Dataset entries
----
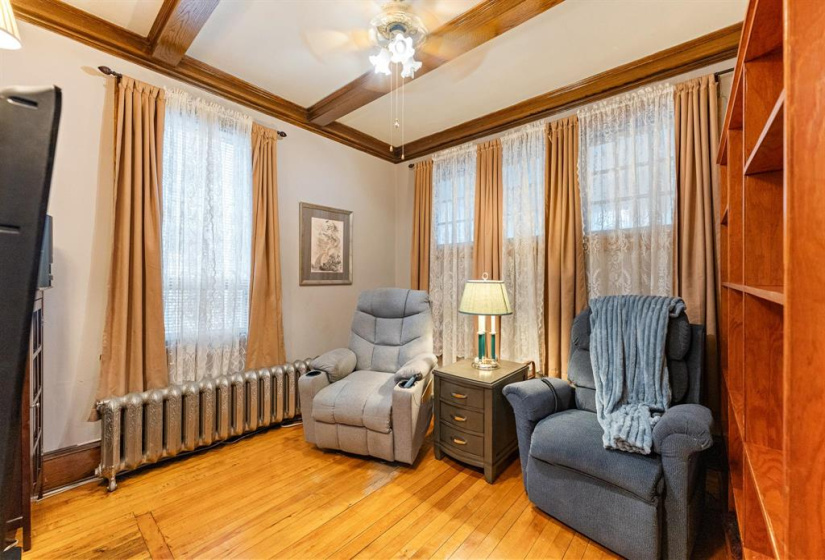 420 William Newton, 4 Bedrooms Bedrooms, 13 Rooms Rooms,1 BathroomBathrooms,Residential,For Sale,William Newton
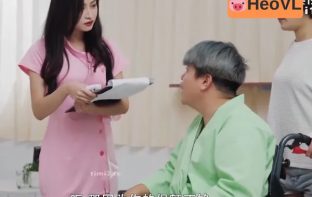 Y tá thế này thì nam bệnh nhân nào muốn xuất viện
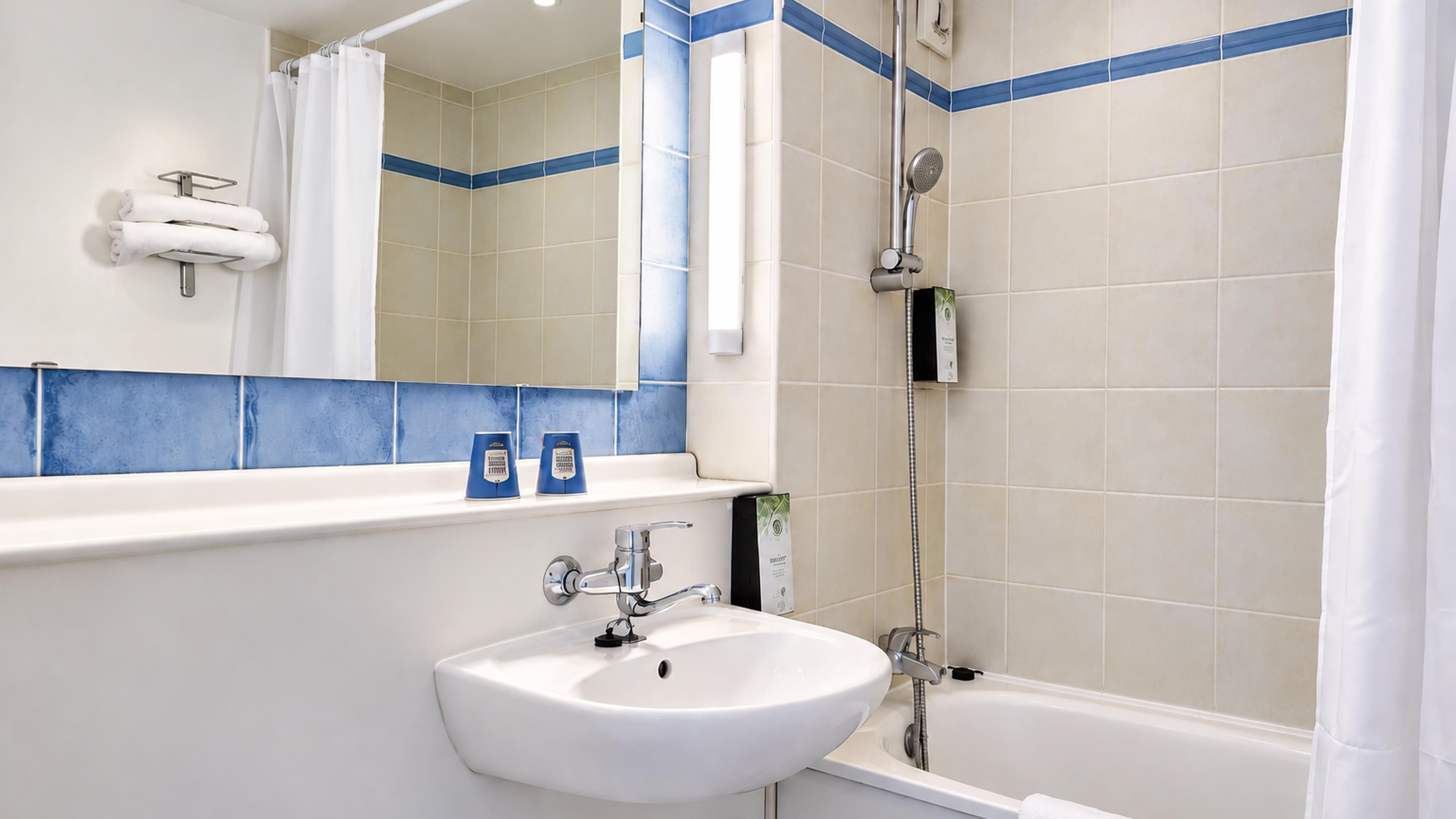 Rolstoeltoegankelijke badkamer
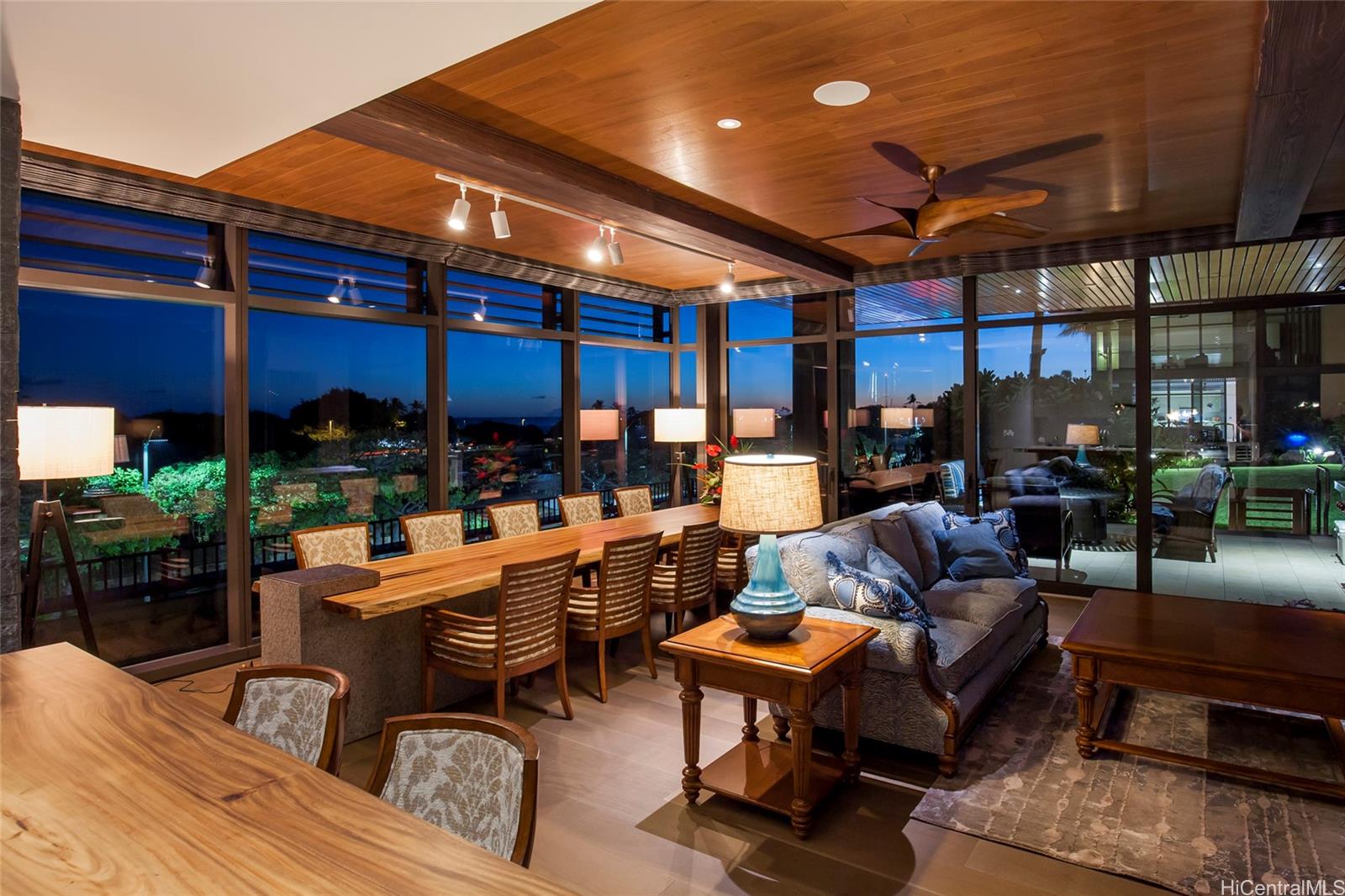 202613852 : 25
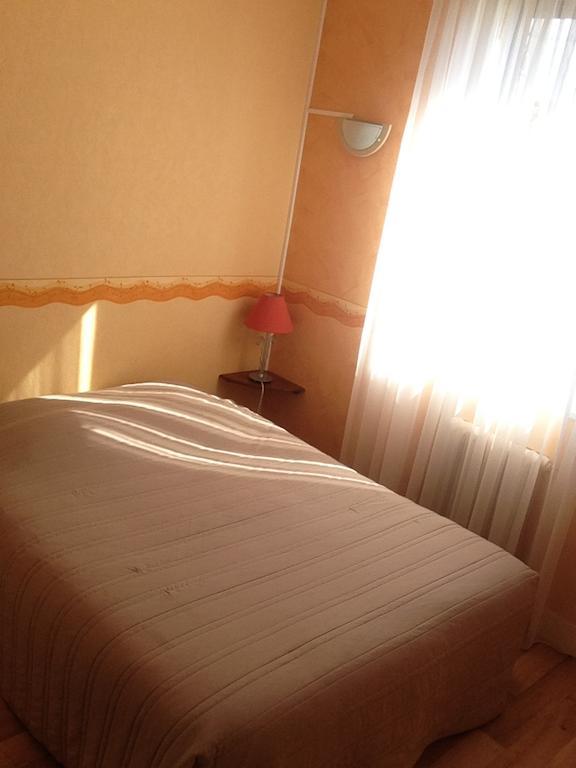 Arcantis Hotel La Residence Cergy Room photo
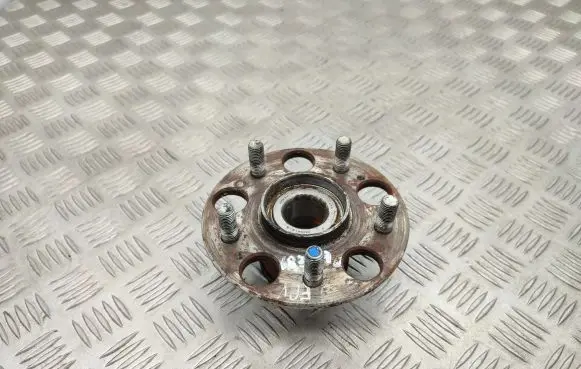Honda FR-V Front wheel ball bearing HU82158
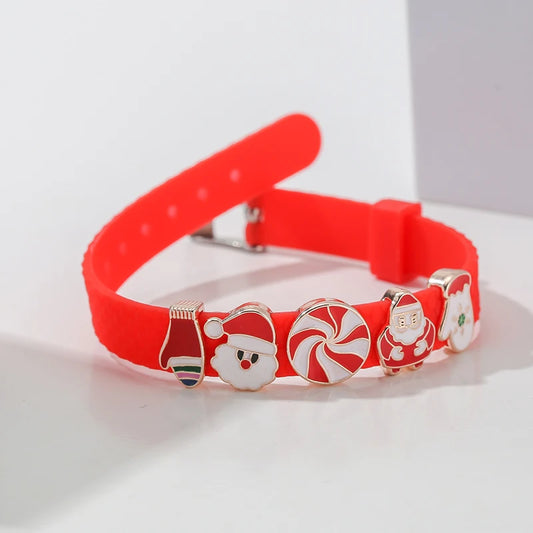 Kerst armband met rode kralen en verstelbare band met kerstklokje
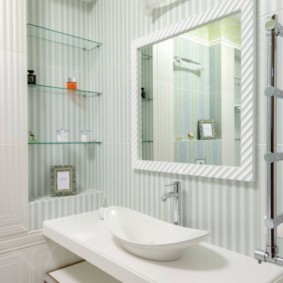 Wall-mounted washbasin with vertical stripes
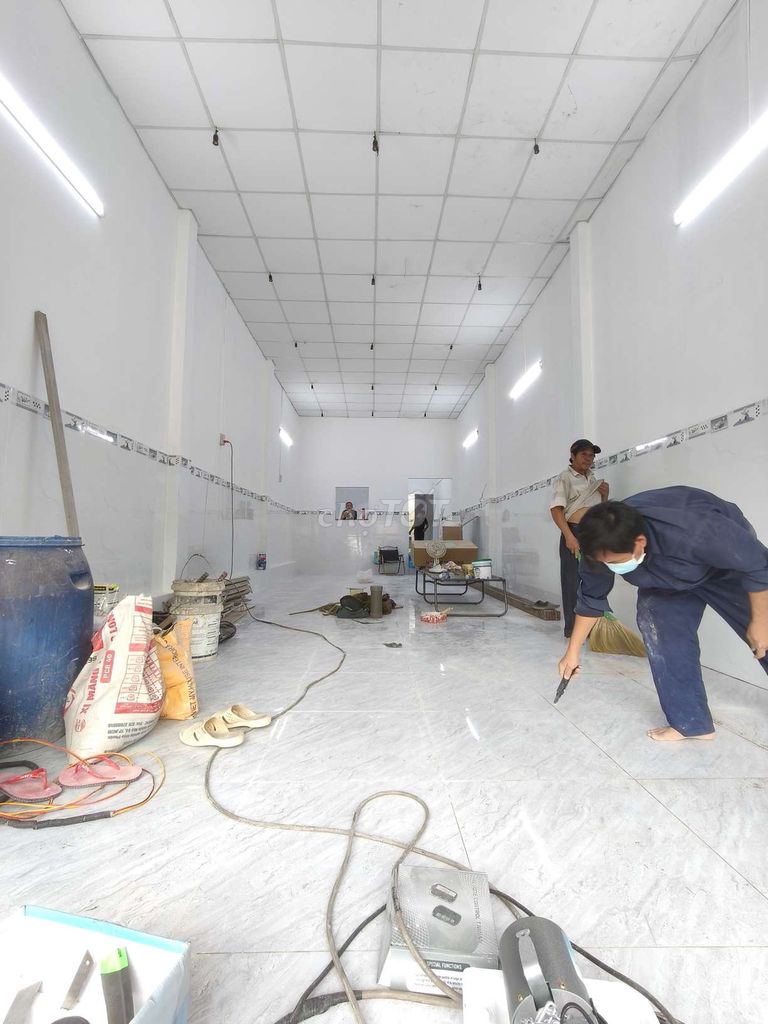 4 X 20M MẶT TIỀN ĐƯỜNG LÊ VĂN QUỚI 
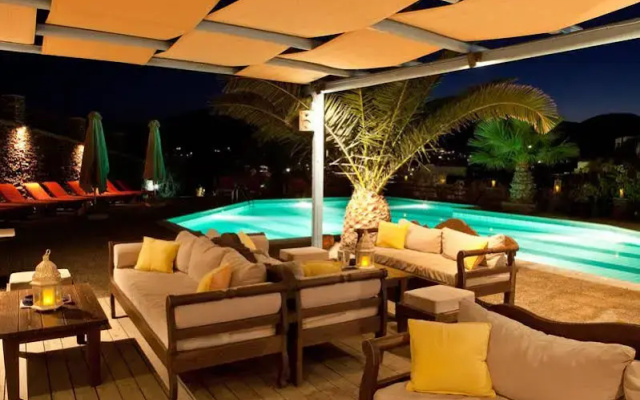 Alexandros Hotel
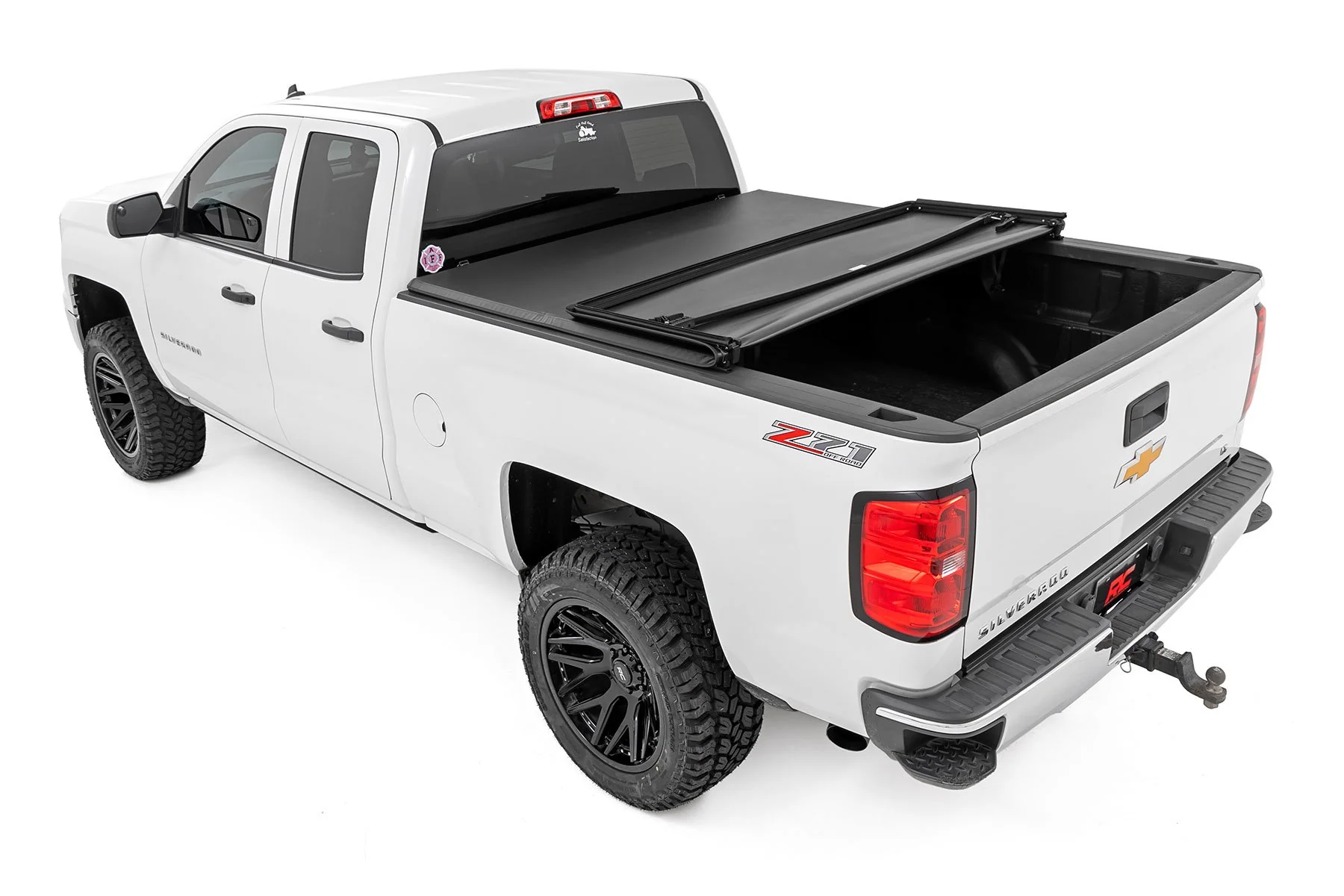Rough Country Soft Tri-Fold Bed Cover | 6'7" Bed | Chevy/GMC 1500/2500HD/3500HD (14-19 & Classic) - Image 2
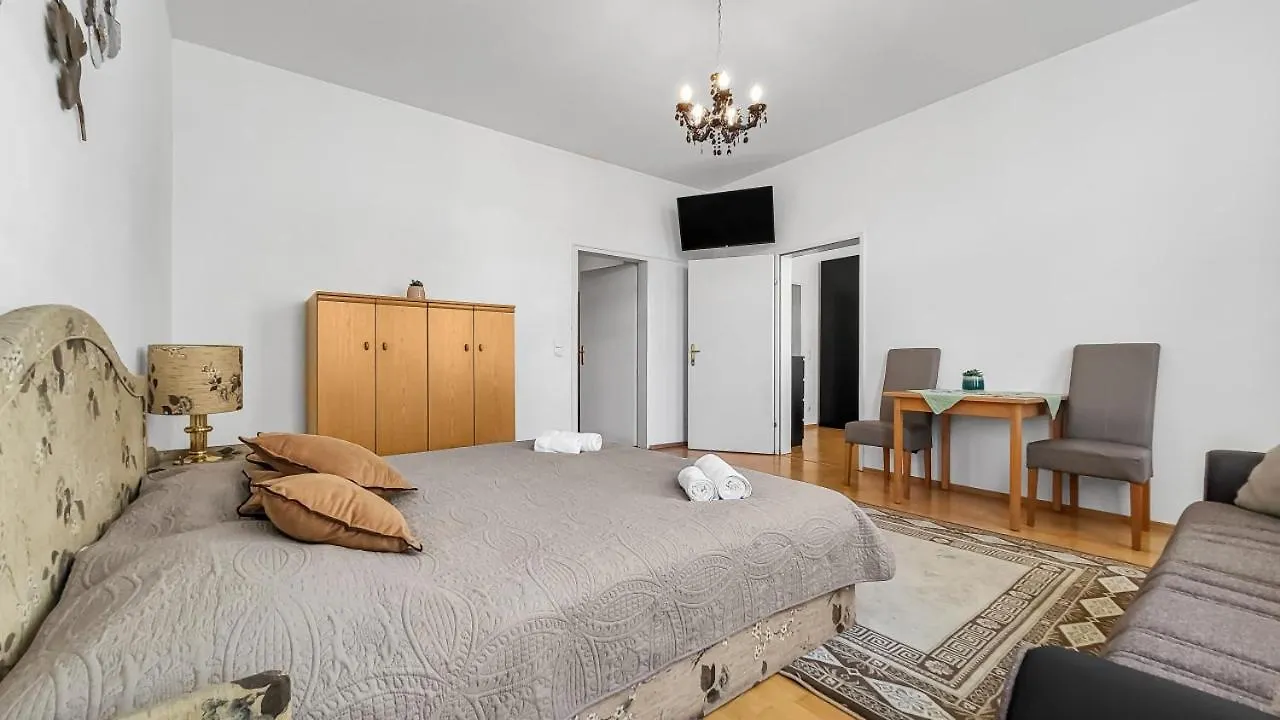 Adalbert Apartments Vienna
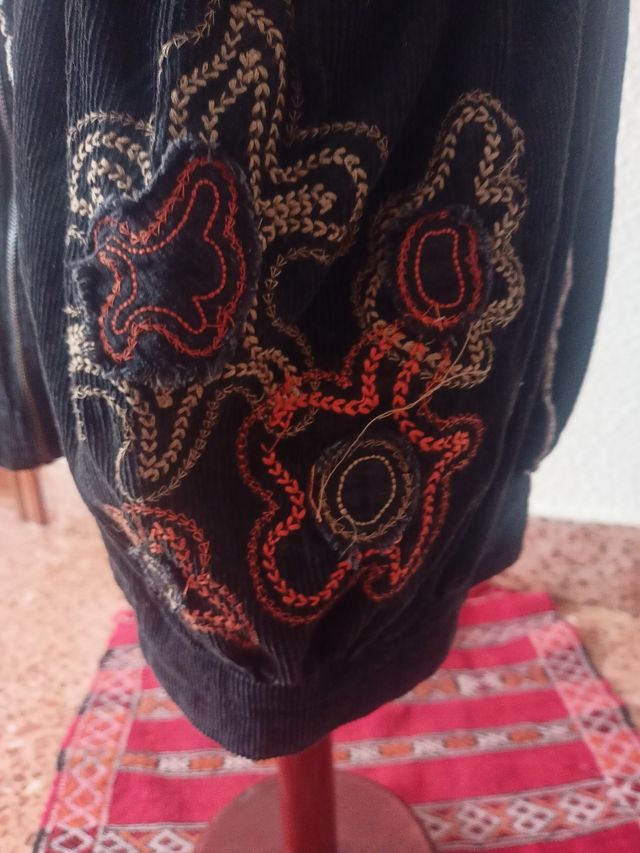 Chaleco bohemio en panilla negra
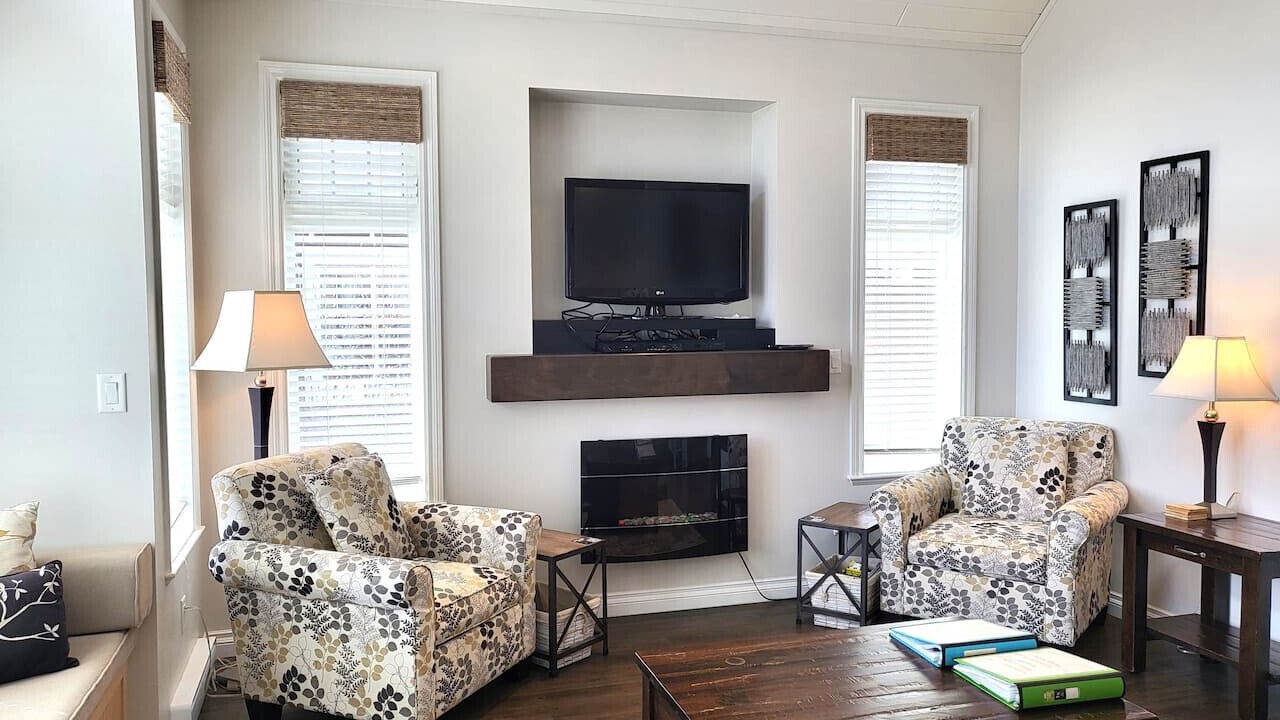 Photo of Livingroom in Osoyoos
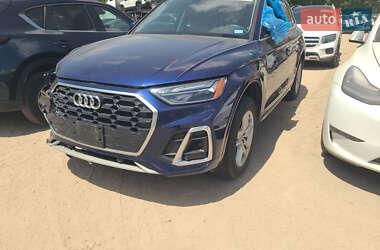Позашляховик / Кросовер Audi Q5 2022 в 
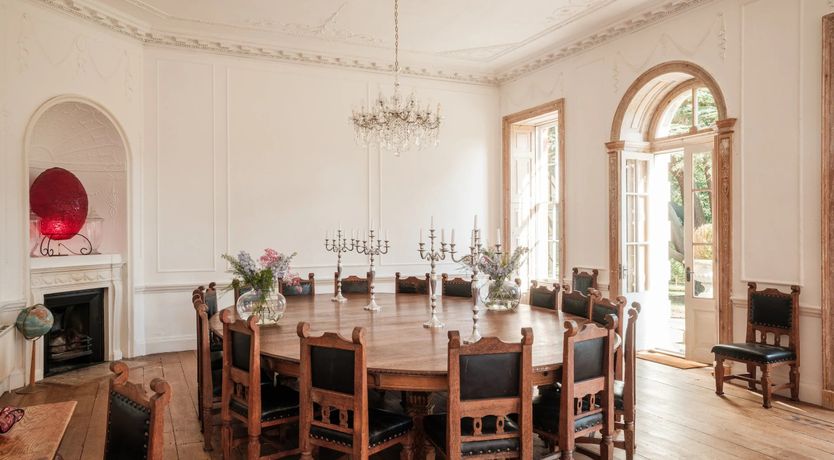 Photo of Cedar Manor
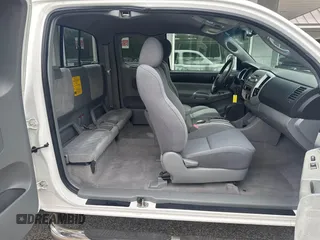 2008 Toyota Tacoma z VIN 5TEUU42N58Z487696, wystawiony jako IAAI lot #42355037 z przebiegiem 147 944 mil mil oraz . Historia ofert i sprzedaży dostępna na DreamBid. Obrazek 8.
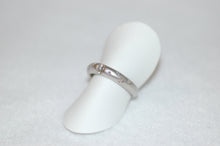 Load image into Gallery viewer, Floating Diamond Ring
----
_Your goal_. Could you transcribe all of the data exactly and omit the pictures?

_Response_.
 420 William Newton, 4 Bedrooms Bedrooms, 13 Rooms Rooms,1 BathroomBathrooms,Residential,For Sale,William Newton
 Y tá thế này thì nam bệnh nhân nào muốn xuất viện
 Rolstoeltoegankelijke badkamer
 202613852 : 25
 Arcantis Hotel La Residence Cergy Room photo
Honda FR-V Front wheel ball bearing HU82158
 Kerst armband met rode kralen en verstelbare band met kerstklokje
 Wall-mounted washbasin with vertical stripes
 4 X 20M MẶT TIỀN ĐƯỜNG LÊ VĂN QUỚI 
 Alexandros Hotel
Rough Country Soft Tri-Fold Bed Cover | 6'7" Bed | Chevy/GMC 1500/2500HD/3500HD (14-19 & Classic) - Image 2
 Adalbert Apartments Vienna
 Chaleco bohemio en panilla negra
 Photo of Livingroom in Osoyoos
Позашляховик / Кросовер Audi Q5 2022 в 
 Photo of Cedar Manor
 2008 Toyota Tacoma z VIN 5TEUU42N58Z487696, wystawiony jako IAAI lot #42355037 z przebiegiem 147 944 mil mil oraz . Historia ofert i sprzedaży dostępna na DreamBid. Obrazek 8.
 Load image into Gallery viewer, Floating Diamond Ring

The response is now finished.